Arcatao is a lovely mountain village near the border with Honduras. My old guidebook, published more than 12 years ago, mentions that this village has many mural paintings about the guerilla or quotes from people that have played a major role in the country's history.
Twelve years is a long time! The village seems to have changed with time, but the mural paintings are still present. Nowadays, most of them seems to be a protest against mining projects in the region.
After a quick search on the net, I didn't find which mine it is about. However, El Salvador has banned mining operation for metals in the entire country because of the environmental impact of this industry.
The magnificent Lake Suchitlán has a length of 45 km and a width of 10 km.
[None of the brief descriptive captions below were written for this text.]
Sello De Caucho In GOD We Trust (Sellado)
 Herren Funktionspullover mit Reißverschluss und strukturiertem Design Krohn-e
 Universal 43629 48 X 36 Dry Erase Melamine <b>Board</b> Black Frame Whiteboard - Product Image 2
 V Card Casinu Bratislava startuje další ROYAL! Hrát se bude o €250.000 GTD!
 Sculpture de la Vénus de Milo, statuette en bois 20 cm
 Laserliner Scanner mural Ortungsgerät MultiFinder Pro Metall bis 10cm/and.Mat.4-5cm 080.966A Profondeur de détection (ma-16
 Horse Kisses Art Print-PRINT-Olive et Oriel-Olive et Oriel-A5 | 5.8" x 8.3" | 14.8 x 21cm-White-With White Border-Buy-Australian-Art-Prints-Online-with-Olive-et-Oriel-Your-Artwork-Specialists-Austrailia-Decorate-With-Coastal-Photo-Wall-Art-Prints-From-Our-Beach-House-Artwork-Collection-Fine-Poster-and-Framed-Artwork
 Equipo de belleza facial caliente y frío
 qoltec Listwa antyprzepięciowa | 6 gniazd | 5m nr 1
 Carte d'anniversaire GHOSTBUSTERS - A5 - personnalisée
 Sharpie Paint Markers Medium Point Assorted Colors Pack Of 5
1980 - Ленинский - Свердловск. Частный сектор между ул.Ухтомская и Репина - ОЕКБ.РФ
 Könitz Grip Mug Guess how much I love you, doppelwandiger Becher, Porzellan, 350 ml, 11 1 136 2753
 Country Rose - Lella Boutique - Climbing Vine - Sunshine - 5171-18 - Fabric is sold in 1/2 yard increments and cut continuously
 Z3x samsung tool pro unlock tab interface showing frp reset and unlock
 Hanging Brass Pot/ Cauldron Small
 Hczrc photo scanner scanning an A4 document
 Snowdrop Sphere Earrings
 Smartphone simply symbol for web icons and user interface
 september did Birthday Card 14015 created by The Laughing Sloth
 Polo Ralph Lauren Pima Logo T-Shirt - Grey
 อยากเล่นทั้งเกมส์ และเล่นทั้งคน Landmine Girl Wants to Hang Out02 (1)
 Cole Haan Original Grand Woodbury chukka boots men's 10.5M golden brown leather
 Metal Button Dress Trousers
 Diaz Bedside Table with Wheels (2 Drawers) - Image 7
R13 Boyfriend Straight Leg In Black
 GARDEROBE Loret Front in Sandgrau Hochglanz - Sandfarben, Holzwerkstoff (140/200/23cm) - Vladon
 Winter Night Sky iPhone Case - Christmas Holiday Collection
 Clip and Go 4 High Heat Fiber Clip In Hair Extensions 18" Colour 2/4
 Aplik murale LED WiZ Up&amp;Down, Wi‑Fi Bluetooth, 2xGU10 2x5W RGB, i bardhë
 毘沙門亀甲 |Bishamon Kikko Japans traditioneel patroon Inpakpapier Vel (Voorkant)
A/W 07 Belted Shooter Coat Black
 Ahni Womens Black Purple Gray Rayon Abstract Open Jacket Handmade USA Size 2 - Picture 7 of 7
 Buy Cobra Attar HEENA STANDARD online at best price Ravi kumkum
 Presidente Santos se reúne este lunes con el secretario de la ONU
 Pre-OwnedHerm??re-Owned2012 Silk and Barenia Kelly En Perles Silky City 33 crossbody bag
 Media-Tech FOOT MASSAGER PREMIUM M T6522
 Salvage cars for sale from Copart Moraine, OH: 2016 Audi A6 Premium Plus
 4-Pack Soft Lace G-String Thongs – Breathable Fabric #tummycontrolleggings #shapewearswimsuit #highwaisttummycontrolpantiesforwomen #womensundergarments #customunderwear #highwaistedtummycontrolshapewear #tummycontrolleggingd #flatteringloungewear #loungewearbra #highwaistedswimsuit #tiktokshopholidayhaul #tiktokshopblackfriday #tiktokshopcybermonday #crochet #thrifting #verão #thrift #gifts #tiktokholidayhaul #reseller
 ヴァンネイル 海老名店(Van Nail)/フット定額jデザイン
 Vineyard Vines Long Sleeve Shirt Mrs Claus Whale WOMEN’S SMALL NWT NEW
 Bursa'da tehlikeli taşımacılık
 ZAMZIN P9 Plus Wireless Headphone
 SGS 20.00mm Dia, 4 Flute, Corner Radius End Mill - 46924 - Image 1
It's an artificial reservoir due to a hydroelectric dam where the major part of the country's electric energy is produced.
After visiting Arcatao, my next destination was the town of Suchitoto. The most direct road involved a crossing of Lake Suchitlán using this small ferry.
The crossing lasted only about 20 minutes, but it was enough to chat with some friendly Salvadorans. People are always impressed when I tell them I drove all the way from Canada to their country. When I tell them I want to go as far as Patagonia in the far south of the continent, they simply can't believe it.
Suchitoto is a pleasant colonial town near Lake Suchitlán. This small and quiet town, like many other in the north of the country, greatly suffered during the civil war of 1980-1992. Many times, the army bombed the town with the goal to destroy everything.
Another highlight of Suchitoto is the Art Centre for Peace. At that place, sister Peggy manages a centre that helps children of the area by teaching them music, dancing, plastic arts, English, and even some basic notions about computers. Sister Peggy, a nun originally from the United States, dedicated more than 35 years of her life to improve the life of the children around town. It's possible to camp on the premises and the money spent helps finance the various projects of the centre.
The Cinquera Forest, 20 km from Suchitoto, offers various trails to nice waterfalls and a nice viewpoint.
Yes, a cascade without water! It was completely dry when I visited. The cliff where the fall tumbles is a geological oddity with its hexagonal stone spires.
When I saw this site, I immediately thought about the Giant's Causeway on the northern coast of Northern Ireland.